Puffins and Giant Squid and Portuguese Water Dogs

It seems to have turned into Animal Month here at Memoranda.

Firstly, I read a wonderful story about a birding enthusiast who re-established a breeding colony of Atlantic puffins on the tiny island of Montmaray Eastern Egg Rock, off the coast of Maine. Stephen Kress and his colleagues used wooden decoys, recorded bird calls and mirrors to entice puffins and terns to nest on the island, and these techniques have now been used to help “restore 49 seabird species in 14 countries, including some extremely endangered bird species”.

Bo ObamaThen there was this story about Steve O’Shea, a marine biologist from New Zealand who is on a quest to capture (and breed) live giant squid, despite the many difficulties involved (for example, “Accustomed to living in a borderless realm, a squid reacts poorly when placed in a tank, and will often plunge, kamikaze-style, into the walls, or cannibalize other squid”). I also enjoyed Sy Montgomery’s description of the intelligence and creativity of giant Pacific octopuses1, who often do not appreciate being captured and studied by humans. According to Montgomery, “Octopuses in captivity actually escape their watery enclosures with alarming frequency. While on the move, they have been discovered on carpets, along bookshelves, in a teapot, and inside the aquarium tanks of other fish—upon whom they have usually been dining.”
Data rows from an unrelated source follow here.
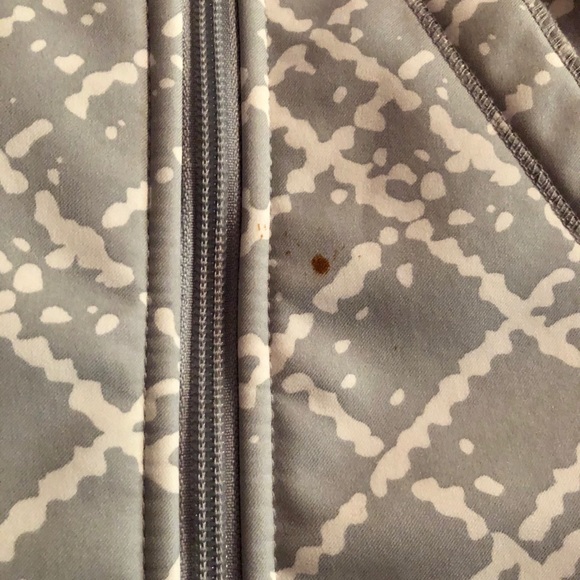 Grey patterned Columbia shell jacket - Picture 2 of 4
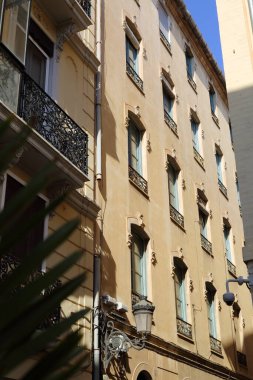 Valencia, İspanya 'daki güzel eski binalar. İlginç mimari detaylar. Siesta. Kimse yok..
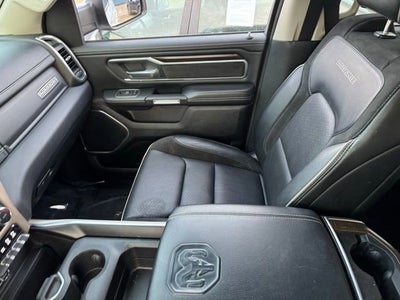 2022 RAM 1500 Laramie Crew Cab 4x4 5'7" Box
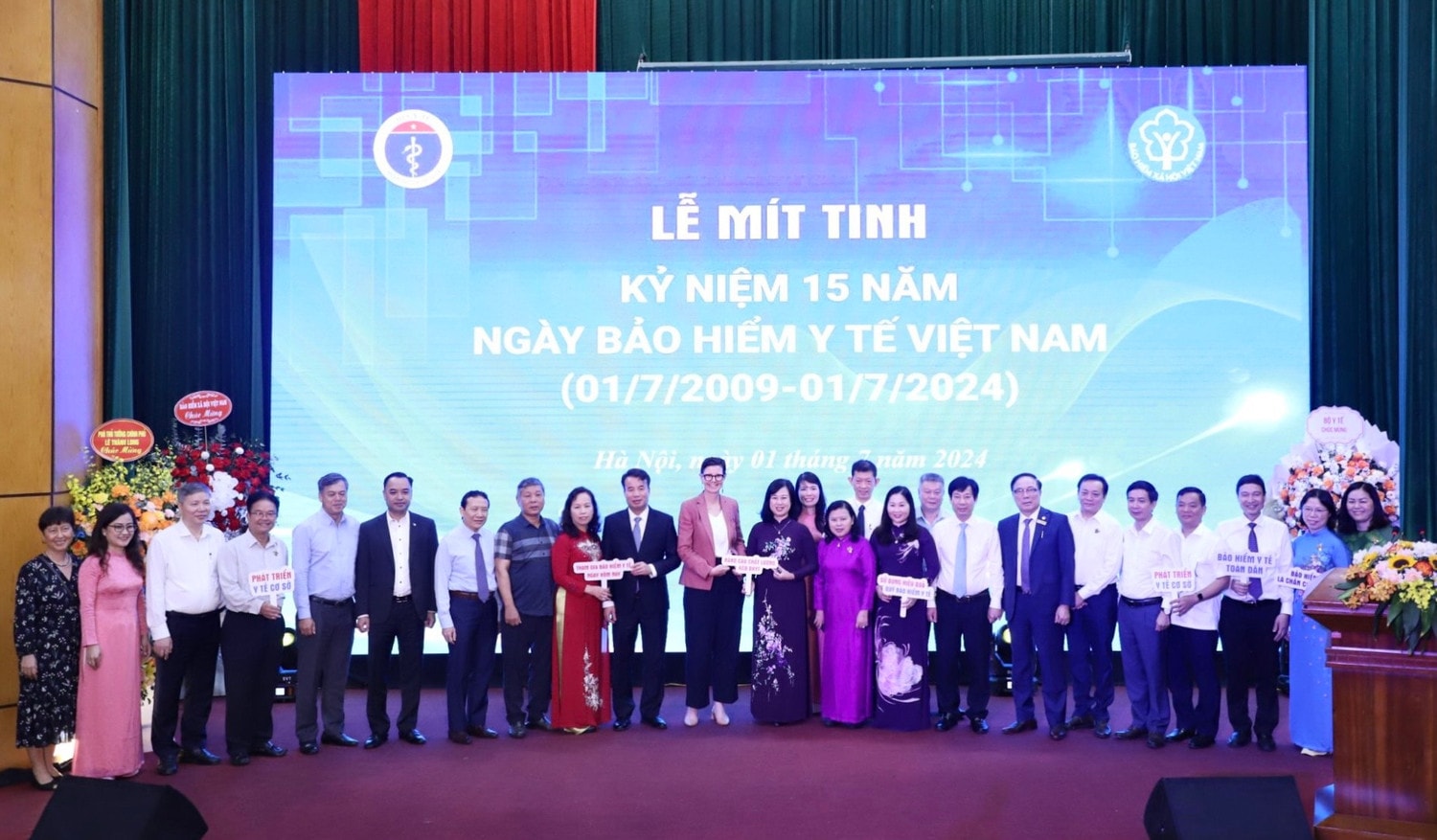 Các đại biểu dự lễ kỷ niệm 15 năm ngày Bảo hiểm y tế Việt Nam (1.7.2009 – 1.7.2024) . Ảnh: Hải Yến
Finally, it was announced this week that the world’s most famous Portuguese water dog, Bo Obama, will remain in the White House for another four years. Well done, Bo.


  1. Yes, apparently it’s octopuses. My Oxford dictionary says that “the word octopus comes from Greek, and the Greek plural form is octopodes. Modern usage of octopodes is so infrequent that many people mistakenly create the erroneous plural form octopi, formed according to rules for Latin plurals”.